In the business context, both levels have much to commend them. The latter, however, has been used to analyse the most celebrated examples of trust-based business transactions – namely, the Italian industrial districts (Piore and Sable, 1984). Where once the districts were seen as exemplars of ‘flexible specialisation’ and non-contractual co-operation between producers, suppliers and others, Farrell and Knight show how for institutional reasons these trust relationships are in decline as a mechanism for the delivery of productivity and global competitive advantage.

Previously, then, trust was built within the context of a community and sense of belonging and mutual interdependence. The community effectively regulated opportunism between co-operating firms and imposed sanctions on those who broke the rules, the ultimate penalty being expulsion from the community (Brusco, 1992), pp182-83). Recent evidence of a breakdown of trust points to two key conclusions. First, that structural changes in the ownership of large ‘final’ or ‘governor’ firms has led to a formalisation of contract relationships stripped of the cultural context and significance (derived from local ownership, community and the need to ‘belong’). Moreover, this ‘depersonalisation’ leads to a much more contract-led mode of operation for firms in producer networks or value chains.

Essentially, the shift is from ‘networks of firms’ towards ‘networked firms’ – a subtle but important difference (Crouch, Le Gales et al., 2001) with access to customers being one of the critical resources for final or governor firms. The significance of trust for business organisations, despite the erosion of trust-based relationships in the Italian industrial districts arising out of institutional changes, remains an important component of innovation management in modern organisations. The importance of trust is emphasised in increasing technological collaboration (Jarillo, 1988; Sako, 1992; Dodgson, 1993), and quasi-legal structures that enable it such as joint ventures (Buckley and Casson, 1988; Buckley and Casson, 1996). For example Saxenian’s (1991) study of Silicon Valley firms which involves ‘…relationships with suppliers as involving personal and moral commitments which transcend the expectations of simple business relationships’. (Saxenian, 1991, p428). Collaborative relationships are increasingly affected by cultural factors such as language, regional loyalties, educational experiences, ideology and even common leisure interests (Freeman, 1990).

Complexity arising out of temporal and spatial separation demands considerable application and management. Lamming (1993) worries himself with risks associated with choosing partners or collaborators for outsourced design capability. ‘The automotive industry’ he observes, ‘is a surprisingly close-knit community. If a supplier were to leak information of a truly strategic nature from one assembler to another, it would soon be known and the supplier’s credibility would be destroyed. Leakage in the other direction – from one supplier to another via an assembler – is more difficult to detect accurately but appears to be more commonplace.’ (p210) Interestingly, here, Lamming makes the link between trust and leakage.

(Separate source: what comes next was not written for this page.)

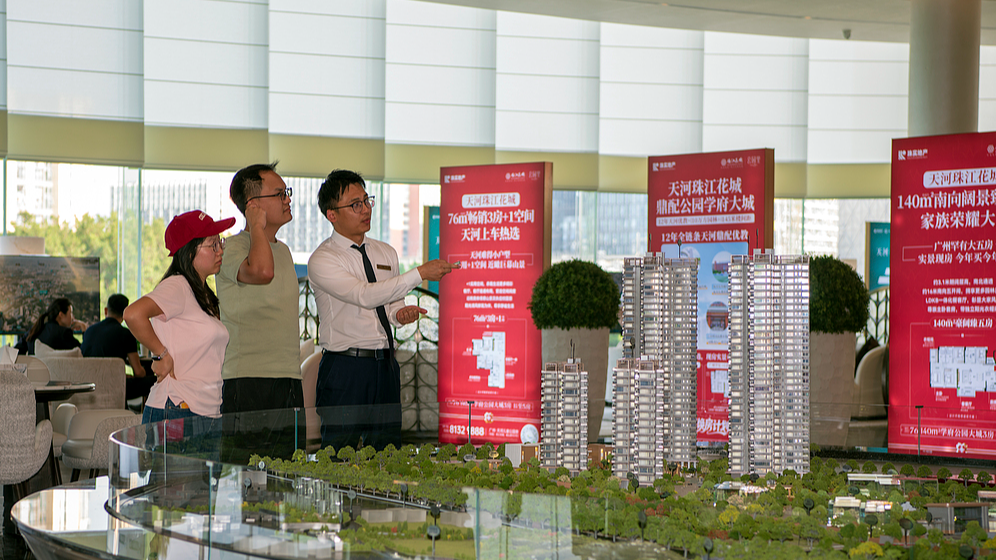 A sales staff presents a residential development to potential buyers in Guangzhou, Guangdong Province, April 25, 2026. /VCG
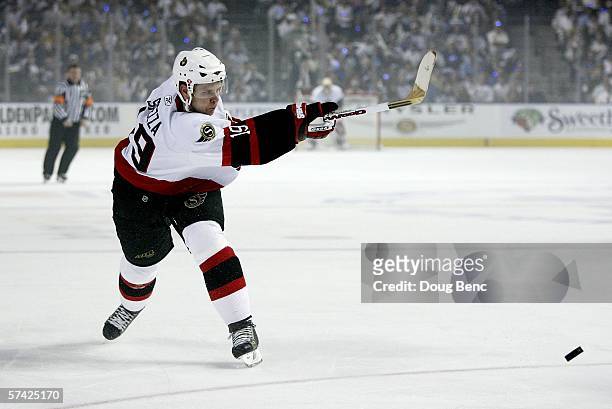 Jason Spezza of the Ottawa Senators takes a slap shot in the third period against the Tampa Bay Lightning in game three of the NHL Eastern Conference...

Alternative (future) view of trust

Adler (2001) provided an alternative reading into Marxism and conceptually reviewed the concepts of market (i.e. price mechanism), hierarchy (i.e. authority) and trust (i.e. community) literature to illustrate the future of capitalism and the role of the knowledge economy. Adler (2001) proposed that the trend of high-trust institutional forms will proliferate in the knowledge economy (where growth in knowledge-intensity is a trait). However,

[F]or trust to become the dominant mechanism for co-ordination within organisations, broadly participative governance and multi stakeholder control would need to replace autocratic governance and owner control […] for trust to become the dominant mechanism for co-ordinating between organisations, comprehensive but democratic planning would need to replace market competition as the dominant form of resource allocation. (p230)

Adler (2001) qualified the notion of trust to state that it is not “blind” trust. That is, “its rationality is not of the purely calculative kind assumed by economics [rather] the values at work in modern trust are those of the scientific community: universalism, communism, disinterestedness, organised scepticism” (p227), so-called “reflective trust”. Adopting this notion of “reflective trust” could provide a plausible alternative to the model developed from the Italian industrial districts that, as discussed above, has seen the erosion of trust.

Although trust is considered to play an important part in encouraging people to share their knowledge, researching trust is also problematic. For social and political scientists, institutions often serve as the unit of analysis and the nature and type of power relations provide a proxy for trust. Invoking Farrell and Knight again, it is possible to investigate changes within and between organisations to explain levels of trust (often a case of bargaining between relatively powerful actors to achieve outcomes including co-ordination). However, the danger with this approach is to focus on compliance as a measure of trustworthiness to the exclusion of other less tangible indicators such as informal contacts, exchange of information and sanctions.

Finally, the need to avoid the trap of exclusively functionalist explanations for trust is important. Functionalist ontology has it that we explain phenomena by reference to their role in meeting objectives or realising outcomes. Thus trust is functional for mutually beneficial co-operation and hence performance. It also reduces transaction costs associated with contracts, regulation and compliance (amongst other things). But the danger, according to Farrell and Knight (2003), is that we are overly reductive in that we simplify too much the causal mechanisms for enhanced performance and co-operation. Indeed, Farrell and Knight go on to suggest that the functionalist explanations are liable to be tautological. For example, that mutually beneficial co-operation is inherently good and by consequence it explains co-operation with reference to its mutually beneficial nature.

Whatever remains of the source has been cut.